A potential drawback to using small stripes is that synchronized spindle drives are required in order to keep performance from being degraded when short records are accessed. Without synchronized spindles, each drive in the array will be at different random rotational positions. Since an I/O cannot be completed until every drive has accessed its part of the record, the drive which takes the longest will determine when the I/O completes. The more drives in the array, the more the average access time for the array approaches the worst case single-drive access time. Synchronized spindles assure that every drive in the array reaches its data at the same time. The access time of the array will thus be equal to the average access time of a single drive rather than approaching the worst case access time.

The different RAID levels

RAID-0
RAID Level 0 is not redundant, hence does not truly fit the “RAID” acronym. In level 0, data is split across drives, resulting in higher data throughput. Since no redundant information is stored, performance is very good, but the failure of any disk in the array results in data loss. This level is commonly referred to as striping.

RAID-1
RAID Level 1 provides redundancy by writing all data to two or more drives. The performance of a level 1 array tends to be faster on reads and slower on writes compared to a single drive, but if either drive fails, no data is lost. This is a good entry-level redundant system, since only two drives are required; however, since one drive is used to store a duplicate of the data, the cost per megabyte is high. This level is commonly referred to as mirroring.

RAID-2

RAID Level 2, which uses Hamming error correction codes, is intended for use with drives which do not have built-in error detection. All SCSI drives support built-in error detection, so this level is of little use when using SCSI drives.

RAID-3
RAID Level 3 stripes data at a byte level across several drives, with parity stored on one drive. It is otherwise similar to level 4. Byte-level striping requires hardware support for efficient use.

RAID-4

RAID Level 4 stripes data at a block level across several drives, with parity stored on one drive. The parity information allows recovery from the failure of any single drive. The performance of a level 4 array is very good for reads (the same as level 0). Writes, however, require that parity data be updated each time. This slows small random writes, in particular, though large writes or sequential writes are fairly fast. Because only one drive in the array stores redundant data, the cost per megabyte of a level 4 array can be fairly low.

RAID-5
RAID Level 5 is similar to level 4, but distributes parity among the drives. This can speed small writes in multiprocessing systems, since the parity disk does not become a bottleneck. Because parity data must be skipped on each drive during reads, however, the performance for reads tends to be considerably lower than a level 4 array. The cost per megabyte is the same as for level

RAID-5EE
Since our case study is for a RAID 5EE case, so we need to get to understand RAID level-5EE
(Note: This feature is not supported on all controllers.)
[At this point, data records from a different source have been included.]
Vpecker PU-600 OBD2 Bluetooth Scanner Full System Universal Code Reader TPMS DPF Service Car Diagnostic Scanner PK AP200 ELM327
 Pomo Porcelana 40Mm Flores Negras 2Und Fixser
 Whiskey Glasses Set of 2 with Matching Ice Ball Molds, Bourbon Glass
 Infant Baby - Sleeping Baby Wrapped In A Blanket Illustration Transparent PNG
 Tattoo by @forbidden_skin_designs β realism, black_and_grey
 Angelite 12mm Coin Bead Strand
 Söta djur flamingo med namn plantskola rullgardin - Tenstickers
RAID level-5EE is similar to RAID level-5E but with a more efficient distributed spare and faster rebuild times. Like RAID level-5E, this RAID level stripes data and parity across all of the drives in the array.

RAID level-5EE offers both data protection and increased throughput. When an array is assigned RAID level-5EE, the capacity of the logical drive is reduced by the capacity of two physical drives in the array: one for parity and one for the spare.

The spare drive is part of the RAID level-5EE array. However, unlike RAID level-5E, which uses contiguous free space for the spare, a RAID level-5EE spare is interleaved with the parity blocks, as shown in the following example. This allows data to be reconstructed more quickly if a physical drive in the array fails. With such a configuration, you cannot share the spare drive with other arrays. If you want a spare drive for any other array, you must have another spare drive for those arrays.

RAID level-5EE requires a minimum of four drives and, depending upon the level of firmware and the stripe-unit size, supports a maximum of 8 or 16 drives. RAID level-5EE is also firmware-specific.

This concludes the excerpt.